The first part of the route is the same for full and half marathon runners. And the last section starting at approximately 13km for the half marathoners and 35km for the marathon runners, the route converges.
After the start, the first 5km are run on dirt roads through the plains of Bagan towards Old Bagan. Runners will be treated to magnificent views of thousand-year-old temples and pagodas.
The course continues on asphalt for about 1km before hitting the dirt road again as runners carry on across Bagan. The next 5km are on dirt roads.
10K runners follow the same route as the full and half marathons until the course reaches Old Bagan where they turn back to Htilominlo Temple and the finish line.
As you reach the 11km mark and the water station there, you pass the Dhammayazika Pagoda. At this point, the full and half marathon runners part ways.

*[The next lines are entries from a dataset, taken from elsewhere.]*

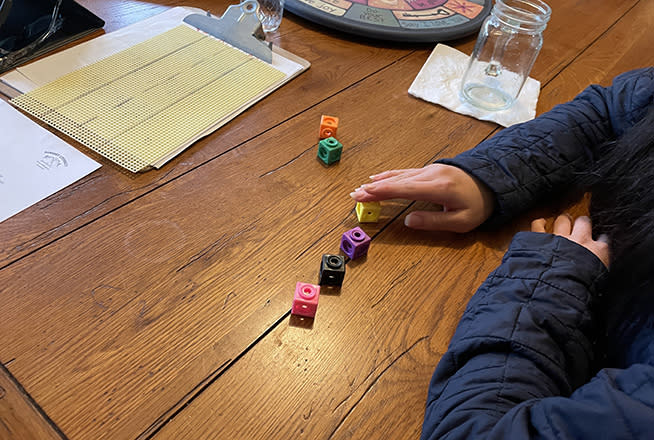 Kim Paige’s daughter uses manipulatives like brightly colored blocks to reinforce spelling and reading lessons. (Asher Lehrer-Small)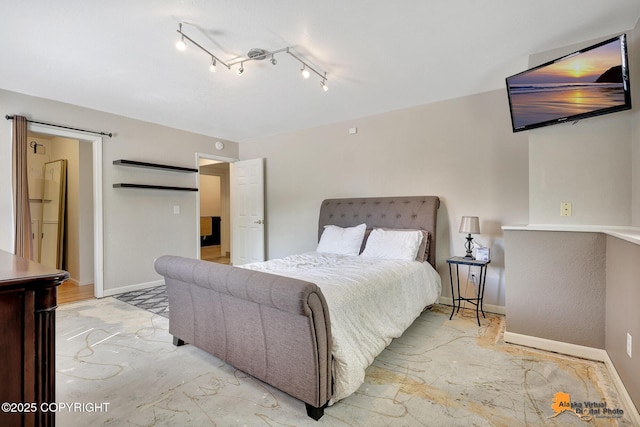 15245 Longbow Dr, Anchorage, AK 99516 - bedroom featuring baseboards and rail lighting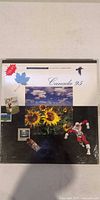 Front cover of sealed Canada 95 stamp collection book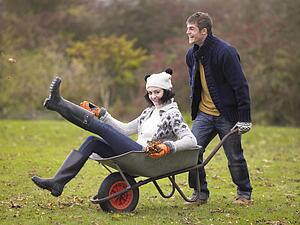 Young couple playing in wheelbarrow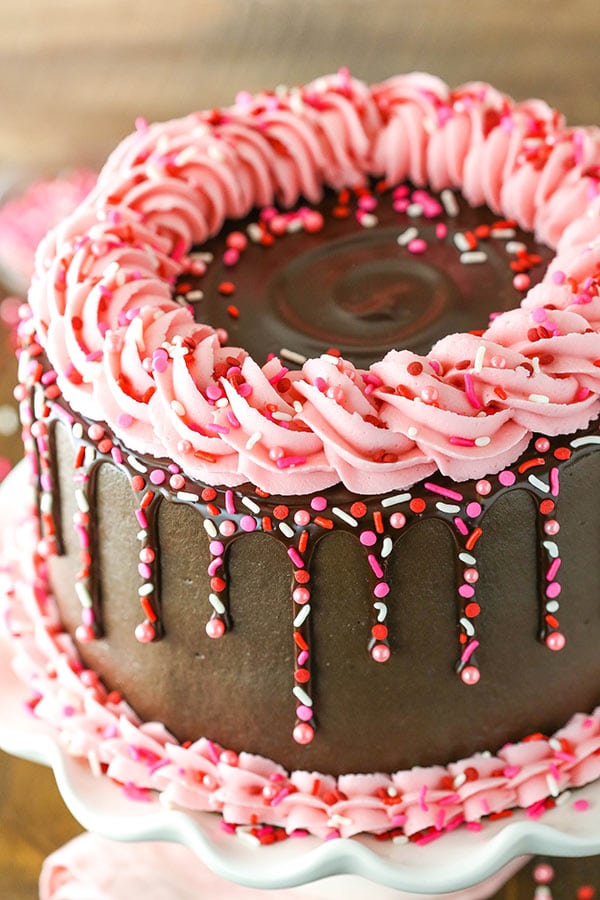 Chocolate cake with chocolate ganache and pink frosting.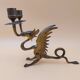 Pair of bronze candlesticks with chimera dragons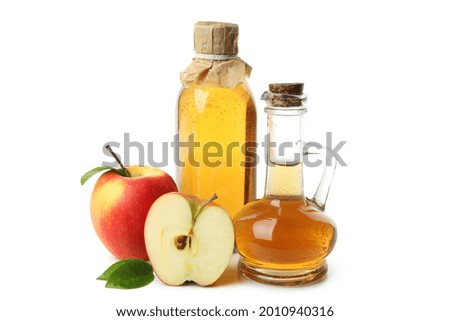 Similar – Image, Stock Photo Homemade apple vinegar in bottle with apples and green leaves on white background. Top view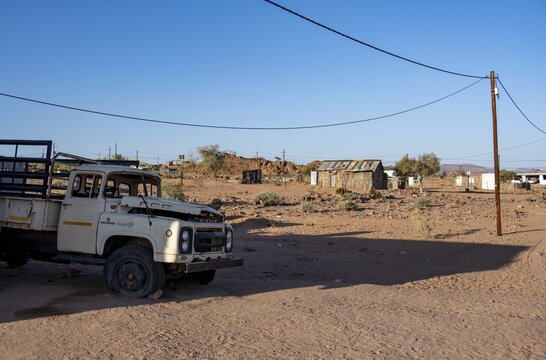 Old transport vehicle and simple houses made of wood and mud in a small village, Erongo, Damaraland, Namibia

Marathon runners turn right whereas half marathon contestants go left.
Half Marathon runners
Half marathon runners continue 1km on an asphalt road until they take another left onto dirt tracks which lead into the small village of West Pwazaw. After passing the village and roughly 2km later, the route crosses paths again with the full marathon course.
The full marathoners turn right after the Dhammayakiza Pagoda at the 11km mark. They carry on towards New Bagan, but instead of entering New Bagan, runners continue onto a sandy path and enter what feels like a different realm. The course takes runners on a journey of discovery. See ox carts laden with grain plodding on the sandy track. Wave to farmers tending their rice and peanut fields. Be prepared to high five gaggles of children decked out in their festive clothes waiting to say hello. It feels like time has been standing still in this remote corner of the world.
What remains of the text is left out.